712.02 Unsigned Response
The examining attorney should treat an unsigned response as an incomplete response, and should either call the applicant to obtain permission to enter an examiner’s amendment from an authorized party (if appropriate), or issue a notice of incomplete response granting the applicant 30 days, or to the end of the six-month response period set forth in the previous Office action, whichever is longer, to perfect the response, pursuant to 37 C.F.R. §2.65(a)(2). See TMEP §718.03(b). To issue a notice of incomplete response, the examining attorney should use the “Examiner’s Non-Responsive Amendment” (or, if appropriate, “SU – Examiner’s Non-Responsive Amendment”) selection for a response to a nonfinal action or the “Examiner’s Action Continuing a Final Refusal – 30-day Letter” (or, if appropriate, “SU – Examiner’s Action Continuing a Final Refusal – 30-day Letter”) selection if the response is to a final action. In either instance, the notice of incomplete response must not include a six-month response clause.

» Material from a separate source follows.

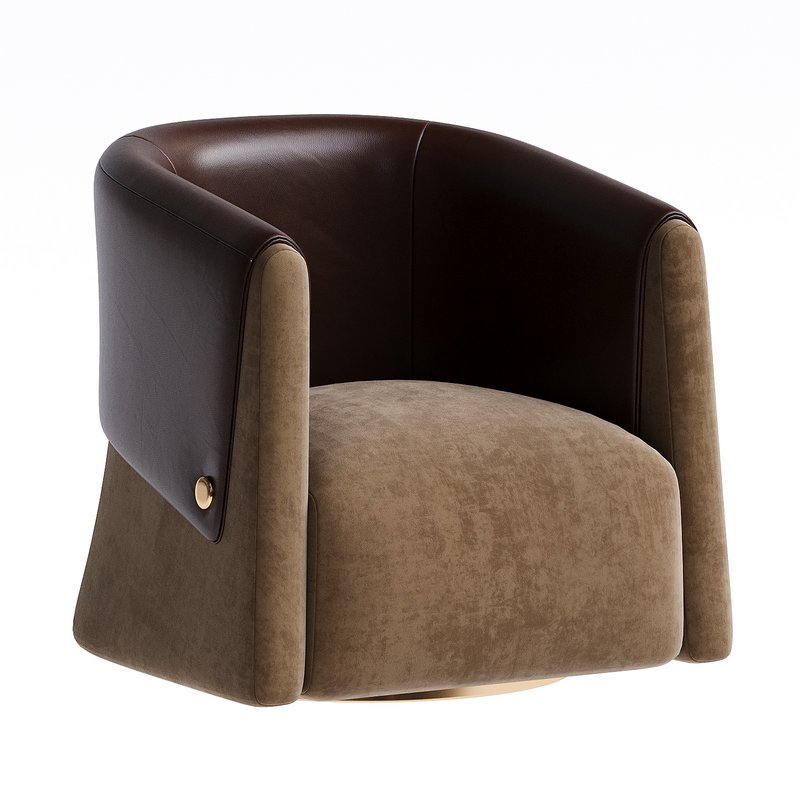 morada kreslo - Image 1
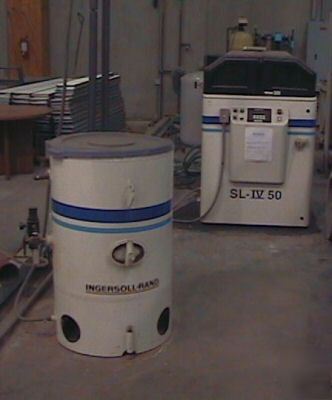 Abb ir 1998 gantry waterjet 5'X12'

If the applicant is not represented by a qualified practitioner and the response does not require a signed verification (see TMEP §§804–804.05), the applicant or a person with legal authority to bind a juristic applicant (e.g., a corporate officer or general partner of a partnership) may either request that the amendment(s) be entered through an examiner’s amendment or submit a properly signed copy of the response. If the applicant is represented by a qualified practitioner, that practitioner must submit the response or request entry of an examiner’s amendment. A duplicate of the original response can be submitted through TEAS (using the response to Office action form) or a properly signed copy of the original document can be submitted by fax (unless it is excluded by 37 C.F.R. §2.195(d)). In a TEAS Plus or TEAS RF application, the response must be filed through TEAS or the application will lose TEAS Plus or TEAS RF status (see TMEP §§819.02(b), 820.02(b)). The examining attorney must defer action on the merits of the response until the applicant files a properly signed response.
The substitute response must be personally signed by a qualified practitioner or, if the applicant is not represented by a qualified practitioner, by the individual applicant or someone with legal authority to bind a juristic applicant (e.g., a corporate officer or general partner of a partnership). 37 C.F.R. §§2.62(b), 2.193(e)(2), and 11.18(a); see TMEP §§611.03(b).

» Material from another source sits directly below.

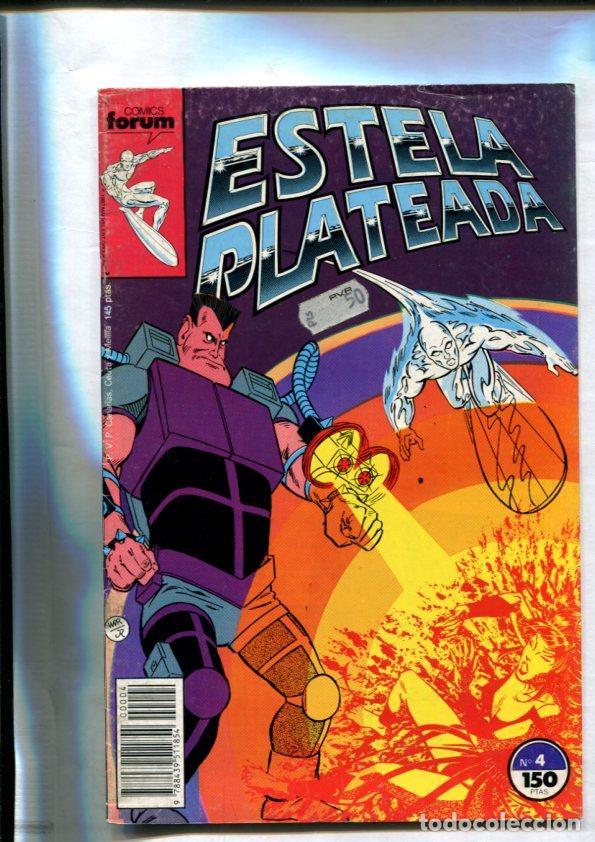 C&oacute;mics: Estela Plateada volumen 1 numero 04: Mantis - Varios - Foto 1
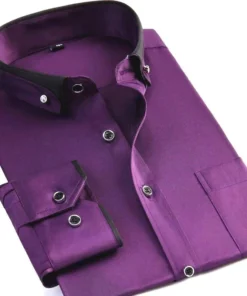 Brooklyn DualSky Cotton Long Sleeve Shirt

If an applicant fails to submit a properly signed response within the time granted under 37 C.F.R. §2.65(a)(2), the examining attorney must hold the application abandoned for failure to file a complete response. See TMEP §718.03. In this situation, the applicant cannot file a petition to revive under 37 C.F.R. §2.66. The applicant’s recourse is to file a petition to the Director to reverse the examining attorney’s holding of abandonment under 37 C.F.R. §2.146. See TMEP §1713.02.